> **WHAT YOU WILL DO**
Except for images, print the whole listing verbatim.

> **SUPPLIED DATA**
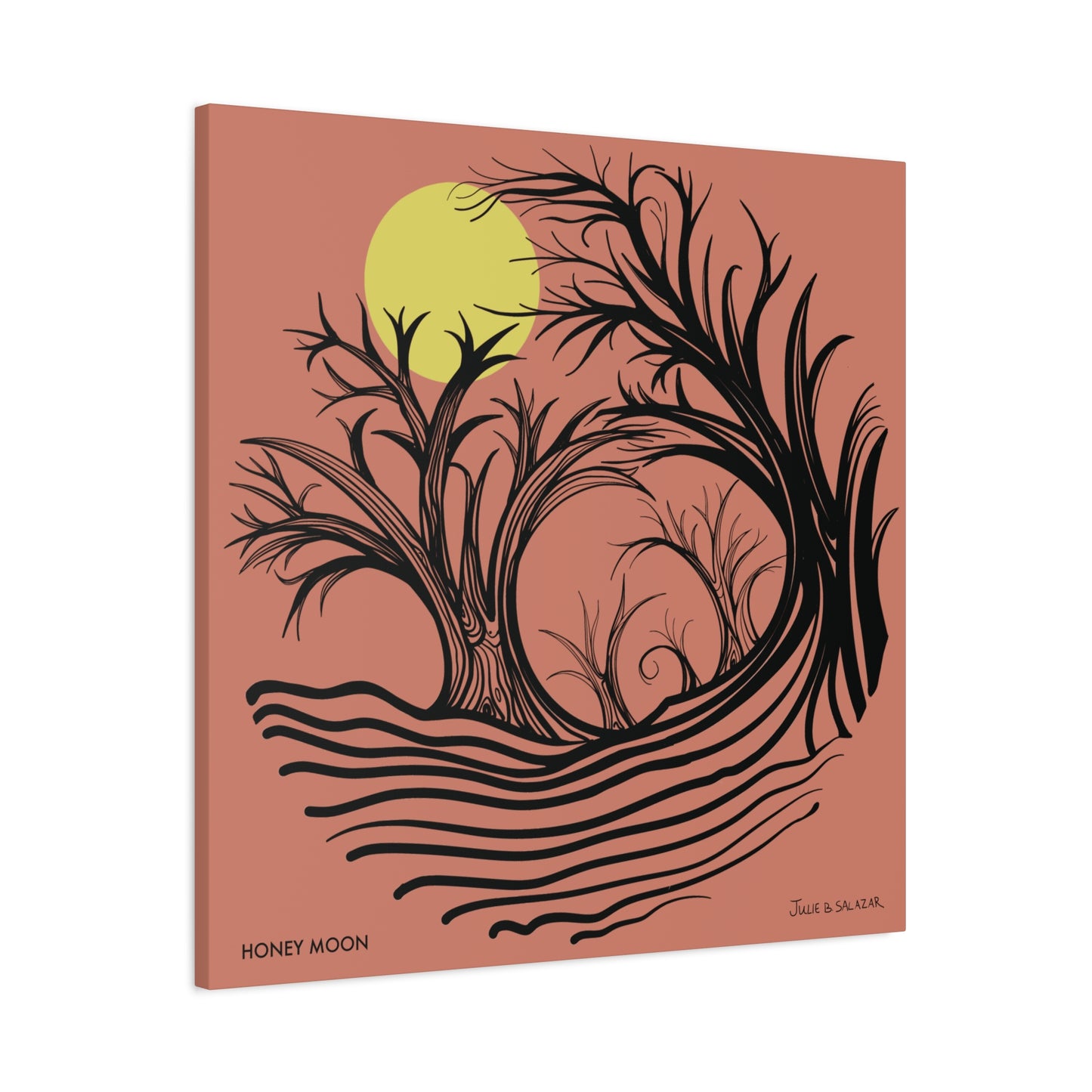 “Honey Moon”, IMAGINE™ Series, Hand-Drawn Art Print, Wall Art Collection, Stretched Canvas , 6 x 6 inches, 20 x 20 inches, 36 x 36 inches, plus 7 More Sizes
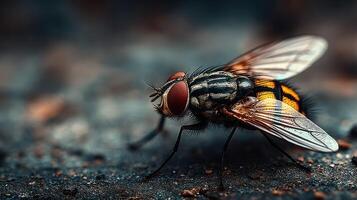 Close-up view of a fly resting on textured surface in natural light at dusk showcasing intricate details of its body and wings photo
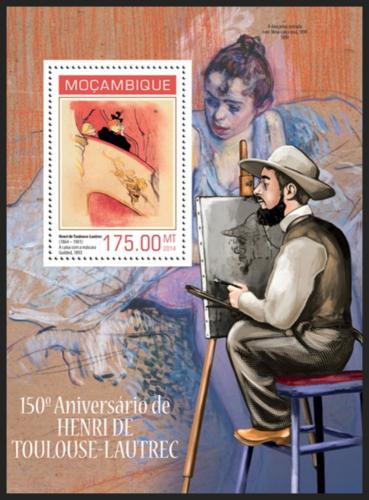 Poštová známka Mozambik 2014 Umenie, Toulouse-Lautrec Mi# Block 862 Kat 10€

> **YOUR RESPONSE**
 “Honey Moon”, IMAGINE™ Series, Hand-Drawn Art Print, Wall Art Collection, Stretched Canvas , 6 x 6 inches, 20 x 20 inches, 36 x 36 inches, plus 7 More Sizes
 Close-up view of a fly resting on textured surface in natural light at dusk showcasing intricate details of its body and wings photo
 Poštová známka Mozambik 2014 Umenie, Toulouse-Lautrec Mi# Block 862 Kat 10€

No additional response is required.